Posterior predictive distribution in the marginalized model

Consider the posterior predictive distribution for obtaining at least one detection at site i. This is given by Bernoulli(\psi_i*(1-\prod_{j=1}^{n}(1-\theta_{ij}))), where \psi is the modeled occupancy probability, \theta is the modeled conditional detection probability, and j indexes the visit.

Posterior predictive distribution in the non-marginalized model

In the non-marginalized model, the posterior predictive distribution is different for points with at least one detection in the data versus points with no detections. With at least one detection at point i, the posterior distribution for Z_i is equal to one with probability 1, and the posterior predictive distribution of interest is just Bernoulli(1-\prod_{j=1}^{n}(1-\theta_{ij})) (note the lack of dependence on \psi).
For points with no detections, Z_i is equal to one with probability \frac{\psi_i*\prod_{j=1}^{n}(1-\theta_{ij})}{ (1-\psi_i) + \psi_i*\prod_{j=1}^{n}(1-\theta_{ij})}. So the posterior predictive distribution for obtaining at least one detection at a point is then Bernoulli(\frac{\psi_i*\prod_{j=1}^{n}(1-\theta_{ij})}{\psi_i*\prod_{j=1}^{n}(1-\theta_{ij}) + (1-\psi_i)}*(1-\prod_{j=1}^{n}(1-\theta_{ij}))) Hopefully I got that right, anyway.

3 Likes

Hi, apologies for the delay in responding to your question, which is well-written and informative.
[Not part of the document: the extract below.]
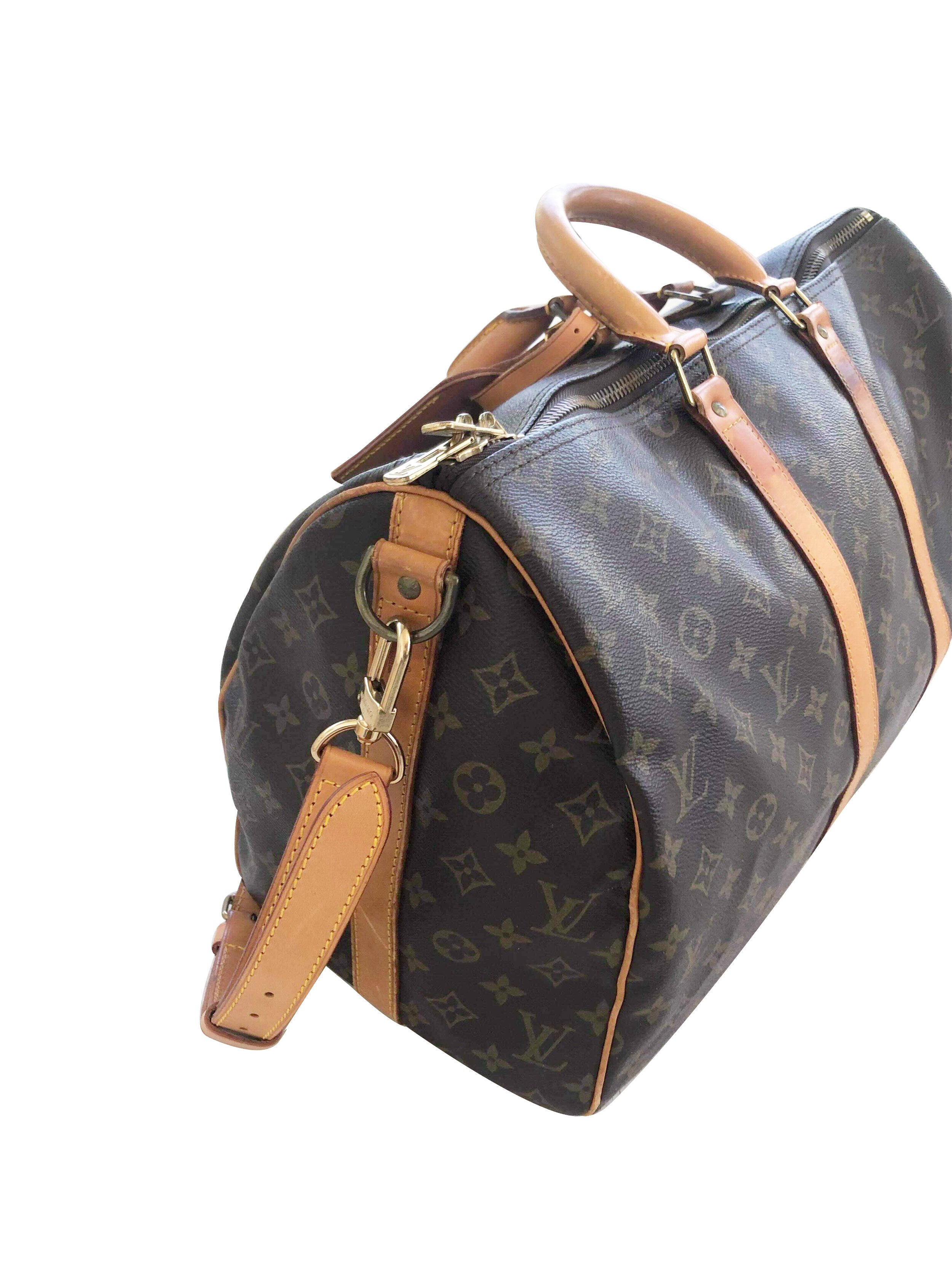 Keepall leather travel bag Louis Vuitton Brown in Leather - 32762540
@vianeylb @Bob_Carpenter @betanalpha are our resident experts, but I can have a look in the coming week as well.

I should start off by saying I’m not super familiar with occupancy models (although I know they can be formulated as hidden Markov models). However, whether marginalized or not, the manner in which to simulate data from an occupancy model using draws from the joint posterior distribution shouldn’t change, no? I see you have code in your case study writeup on how to simulate data from a specific model.

What might affect results in practice is the ability of an MCMC algorithm to explore the discrete space efficiently vs marginalizing. (just a guess!!) I wouldn’t ever expect a posterior predictive distribution to be different for an HMM, for example, whether fitting the model using the marginalized likelihood or not. I’ll have a think and try to come back with some more useful advice!

3 Likes

I think you’re right; in both cases the posterior predictive distribution should be the one that I wrote down for the non-marginalized model. The confusing thing is that in the marginalized model, the likelihood is different depending on whether or not there’s at least one detection at the site. But there’s still something going on here that I’m not entirely comfortable/confident about.

Just to expose the issue more starkly, suppose that I have a generative model:

 Z ~ bernoulli(p_occupancy);  // Z is a latent discrete parameter that needs to be marginalized out
 y ~ bernoulli(Z*p_detection);  // y is data, and there are no repeat visits to keep track of here.

If I have this right, then in the non-marginalized case (treating Z as a parameter) the posterior predictive distribution if y = 1 is just bernoulli(p_{detection}), because the posterior distribution for Z is one with probability one. If y = 0 the posterior predictive distribution is bernoulli(p_{occupancy} * (1 - p_{detection}) + (1 - p_{occupancy})).

Perhaps this is the correct posterior predictive distribution for the marginalized model as well. It is the distribution that we recover if we marginalize with

if(y == 1){
  y ~ bernoulli(p_detection)
}
if(y == 0){
 y ~ bernoulli(p_occupancy * (1 - p_detection) + (1 - p_occupancy))
}

But it sure is tempting to say that the marginalized model is just

y ~ bernoulli(p_occupancy * p_detection)

And this yields a different posterior predictive distribution. So I guess I feel like either we need to say that this is not the fully “correct” marginalization, or that marginalizing changes the posterior predictive distribution?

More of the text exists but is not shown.